5 Benefits of Mindfulness Meditation
The post is developed in partnership with BetterHelp.
The human brain is like a muscle: the more you use it and exercise it, the stronger and more agile it gets. And like muscles, there are countless types of exercises you can do to keep your brain in good shape. One example is mindfulness meditation: a mental training practice that involves focusing your attention on fully experiencing the present moment, without judgment or dwelling on past or future worries.
As a form of meditation, mindfulness is involved in several religious and secular traditions, including Buddhism, Hinduism, and more recently, non-religious meditation as a practice for cultivating mental health and inner peace. People have been practicing mindfulness meditation for thousands of years, whether on their own or as part of a larger spiritual tradition.
In this article, we’ll review 5 science-backed benefits of mindfulness meditation.
Benefits of mindfulness meditation for your physical and mental health
Practicing mindfulness meditation on a regular basis offers the following benefits.

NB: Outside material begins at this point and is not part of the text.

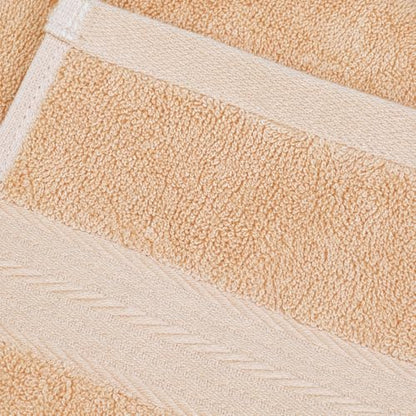100% Cotton Hand Towels 18x28 Inches, 600 GSM, Soft & Absorbent, Set of 8, Beige - color: Beige, size: Hand Towel Set of 8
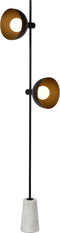 Atmooz - Vloerlamp Igor - E27 - zwart - Staande Lamp - Stalamp - Woonkamer - Hoogte 170cm - Metaal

Helps manage and prevent depression
Mindfulness meditation teaches your brain how to observe and control negative emotions, so they do not control you. Studies suggest that practicing mindfulness helps relieve symptoms of depression and could even prevent them from returning in the future. In fact, many mental health professionals like to incorporate mindfulness meditation as a form of therapy to help clients become more aware and accepting of their thoughts.
Boosts memory and attention span
Mindfulness meditation asks you to focus your attention on the present moment and the present moment only. So with time and practice, mindfulness trains your brain to stay engaged in whatever activity you’re doing, instead of drifting off to unrelated thoughts.
Research shows that people who are trained in mindfulness have better short and long-term memory. For example, one study showed that those who participated in mindfulness meditation training were more likely to recall information than those who took part in a creative writing course.
The results of the study also suggested that those who meditated showed changes in the hippocampus – a region of the brain responsible for processing and retrieving – which didn’t happen in the creative writing group.
Lowers stress and anxiety
Perhaps the most well-known benefit of mindfulness meditation is its ability to quickly lower stress and reduce symptoms of anxiety. But what many people don’t know is that practicing mindfulness can actually change structures within the brain.
In one 2011 study by researchers at Harvard University using magnetic resonance imaging technology (MRI), participants who went through eight weeks of mindfulness-based therapy showed brain changes in areas responsible for regulating emotions. The same participants also displayed decreased activity areas of the brain associated with fear, stress, and anxiety.
Read more about mindfulness and mental health here.
Helps relieve pain
Mindfulness meditation is not just great for your mental health; it’s also a fantastic tool for managing chronic pain. How you feel and perceive pain is connected to your state of mind. For instance, people who have depression can develop unexplained physical pain. And, by the same token, chronic pain has been shown to worsen depressive symptoms.
There are several ways mindfulness meditation helps with pain. For starters, sitting down to meditate causes your brain to release endorphins, which act as the body’s natural pain relievers. It also trains your brain to go into a calmer state of mind, helping your muscles relax and easing tension.
Mindfulness meditation has been shown to help with:
- Headaches and migraine
- Low back pain
- Menstrual cramps and premenstrual syndrome (PMS)
- Knee pain
- Arthritis pain
- Osteoarthritis pain
Increases self-esteem and assertiveness
Mindfulness meditation can boost your self-awareness and increase your self-esteem by helping you accept and embrace every part of yourself. It helps you realize that many of your doubts and insecurities are not worth holding onto, so you start relating to yourself from a place of love and kindness, rather than ego and criticism.
Plus, one study published in the journal Mindfulness showed that those who underwent a three-week training on mindfulness and self-compassion experienced a significant reduction in body shame and dissatisfaction.